The name of the constellation also appears in Old English, although in some instances it takes Latin case endings, indicating that the name was not fully assimilated into English. Here is an example from Ælfric of Eynsham’s De temporibus anni, written c. 998:
Þonne se dæg langað þonne gæð seo sunne norðweard oð þæt heo becymð to ðam tacne þe is gehaten cancer.
(When the day lengthens, then the sun goes northward until it comes to the sign that is called cancer.)
We also see the constellation name in Chaucer’s Canterbury Tales, c. 1387. Here is an example from The Merchant’s Tale in a passage that describes the wedding of the characters January and May:
The moone, that at noon was thilke day
That Januarie hath wedded fresshe May
In two of Tawr, was into Cancre glyden;
So longe hath Mayus in hir chambre abyden,
As custume is unto thise nobles alle.(The moon, that was at noon that same day
That January has wedded fresh May
In two [degrees] of Taurus, was into Cancer glided;
So long has May in her chamber abided,
As it custom is to these nobles all.)
Sources:
Ælfric. De temporibus anni. Heinrich Henel, ed.
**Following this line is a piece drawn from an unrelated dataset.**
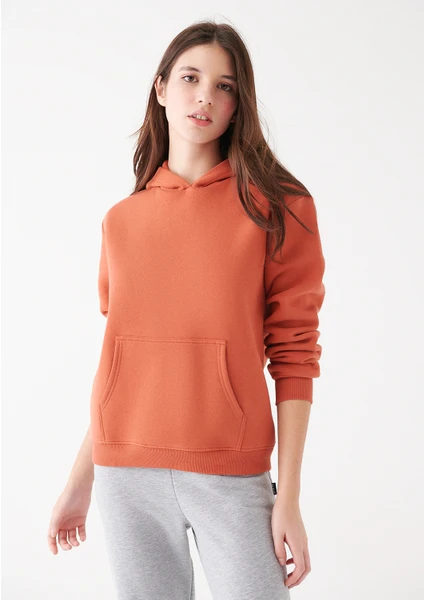 Kapüşonlu Turuncu Basic Sweatshirt 167299-70233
Early English Text Society, O.S. 213. London: Oxford UP, 1942, 4.44, 36. Cambridge, University Library, MS Gg. 3.28, fol. 258r.
Anglo-Norman Dictionary, 2007, s.v. cancre, n.
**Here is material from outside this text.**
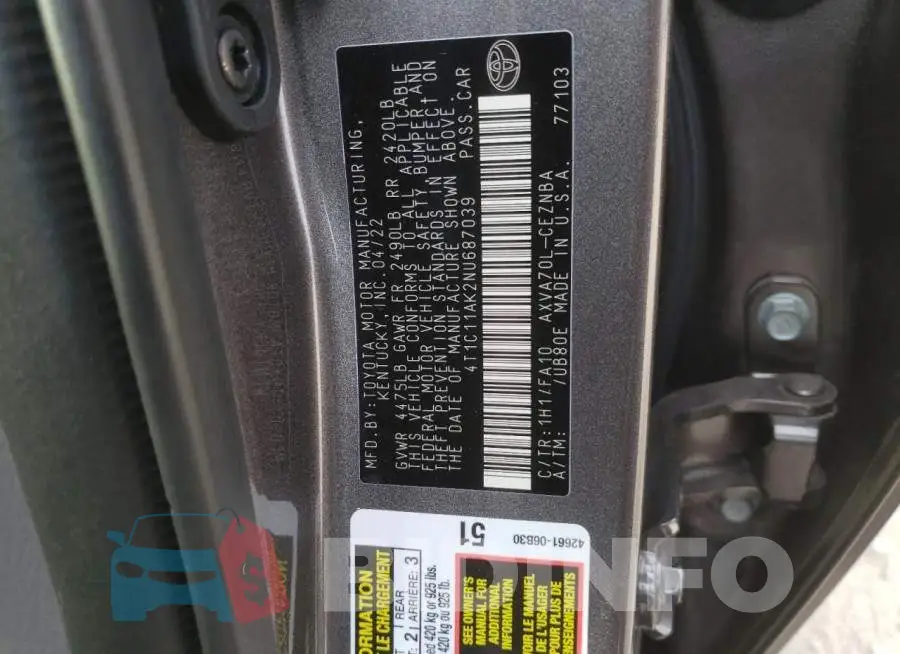4T1C11AK2NU687039 Photo# 12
Chaucer, Geoffrey. “The Merchant’s Tale.” The Canterbury Tales, lines 1885–89. Harvard’s Geoffrey Chaucer Website.
Dictionary of Old English: A to I, 2018, s.v. cancer, n.
Leonhardi, Günther. Kleinere Angelsächsische Denkmäler I. Bibliothek Angelsächsischen Prosa. Hamburg: Henri Grand, 1905, 33. Archive.org. London, British Library Royal MS 12 D.xvii.
Middle English Dictionary, 2019, s.v. canker, n.(1), Canker, n.(2)
Oxford English Dictionary, third edition, June 2008, s.v. cancer, n. and adj., canker, n.